[llvm-commits] [llvm] r75308 - in /llvm/trunk: include/llvm/CodeGen/ValueTypes.h include/llvm/CodeGen/ValueTypes.td lib/VMCore/ValueTypes.cpp utils/TableGen/CodeGenTarget.cpp

Sun Jul 12 11:59:15 PDT 2009

On Jul 11, 2009, at 10:28 PM, Bob Wilson wrote:
> On Jul 11, 2009, at 5:02 PM, Chris Lattner wrote:
> On Jul 10, 2009, at 4:05 PM, Bob Wilson wrote:
>>> Author: bwilson
>>> Date: Fri Jul 10 18:05:09 2009
>>> New Revision: 75308
>>>
>>> URL: http://llvm.org/viewvc/llvm-project?rev=75308&view=rev
>>> Log:
>>> Add new vector types for 192-bit, 348-bit and 512-bit sizes.
>>> These are needed to represent ARM Neon struct datatypes containing
>>> 2, 3 or 4
>>> separate vectors.
>>
>> Bob, are you sure this is the right way to go?
>
> Nope.  I'm not at all sure, but it seemed like a reasonable place to
> start.  (Now you see why I was avoiding you on Friday afternoon, but
> obviously that was only delaying the inevitable code review ;-)

Hehe.

>> I don't know about much about neon, but if you are using this to  
>> model
>> load/store with multiple registers, there are probably better ways to
>> go.  What set of operations does neon natively support on these
>> datatypes?
>
> Neon has plain old load/store multiple operations but that's not what
> this is for.

Ok.

> There is another set of load/store instructions that interleave
> individual elements for up to 4 vectors.  For example, the VLD4.8
> instruction loads 4 bytes for element 0 of 4 separate result vectors,
> then it loads 4 more bytes for element 1 of each vector, etc.  The
> element size may be 8, 16, or 32 bits and for multi-byte elements the
> individual elements get byte-swapped as needed for endianness.  I'm
> representing these operations as intrinsics in LLVM, since it seemed
> like pattern matching 64 separate loads and vector element insertions
> (in the case of VLD4.8) would be a bit unwieldy.  The vectors being
> loaded or stored must be in adjacent registers, and the type matters:
> each vector type has a different opcode (due to the potential byte
> swapping for endianness).  Of course, I could just define a different
> intrinsic for each type, but that's pretty ugly.

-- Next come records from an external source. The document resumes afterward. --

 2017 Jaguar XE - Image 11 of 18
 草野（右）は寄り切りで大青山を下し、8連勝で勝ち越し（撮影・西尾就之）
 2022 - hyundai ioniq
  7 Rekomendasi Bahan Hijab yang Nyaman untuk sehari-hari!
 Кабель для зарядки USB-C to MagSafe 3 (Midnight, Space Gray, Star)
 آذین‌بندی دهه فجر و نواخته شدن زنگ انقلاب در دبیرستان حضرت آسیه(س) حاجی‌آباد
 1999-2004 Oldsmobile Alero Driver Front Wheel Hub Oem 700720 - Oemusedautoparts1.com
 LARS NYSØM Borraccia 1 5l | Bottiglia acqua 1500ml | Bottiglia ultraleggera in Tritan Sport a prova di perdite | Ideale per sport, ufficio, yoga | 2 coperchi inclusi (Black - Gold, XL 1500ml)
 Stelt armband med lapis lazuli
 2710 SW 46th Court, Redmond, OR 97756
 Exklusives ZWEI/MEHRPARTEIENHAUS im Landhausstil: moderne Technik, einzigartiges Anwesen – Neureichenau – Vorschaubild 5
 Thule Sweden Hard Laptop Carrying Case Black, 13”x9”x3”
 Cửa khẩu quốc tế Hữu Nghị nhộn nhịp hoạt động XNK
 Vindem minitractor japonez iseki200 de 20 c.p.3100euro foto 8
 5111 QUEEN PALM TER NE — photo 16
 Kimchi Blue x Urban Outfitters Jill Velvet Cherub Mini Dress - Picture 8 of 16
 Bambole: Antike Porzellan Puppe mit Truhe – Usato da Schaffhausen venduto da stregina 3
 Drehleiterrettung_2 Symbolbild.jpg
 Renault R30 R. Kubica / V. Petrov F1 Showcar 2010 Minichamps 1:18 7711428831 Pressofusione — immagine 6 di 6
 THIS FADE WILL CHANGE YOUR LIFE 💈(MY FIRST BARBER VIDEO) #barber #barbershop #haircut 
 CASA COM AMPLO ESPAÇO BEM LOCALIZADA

I don't really understand how all this fits together, but is this  
really the most important piece to tackle in the short term?  Are you  
trying to make llvm be able to generate every NEON instruction, or are  
you implementing pieces of neon.h?  Can this be simplified by using  
intrinsics for these?  In the short term, the most important thing is  
to support neon.h fully, we can improve the codegen later as a second  
pass of optimization for cases that matter.  Trying to make the  
bizarre corner cases generate optimal code in the "first pass" of  
bringing up functionality doesn't seem very important.

> I'm going to discuss these issues with Evan on Monday.  If there is an
> easier way to go about this, I'm all in favor.

Ok, please drag me in if it doesn't look like there is a good solution.

-Chris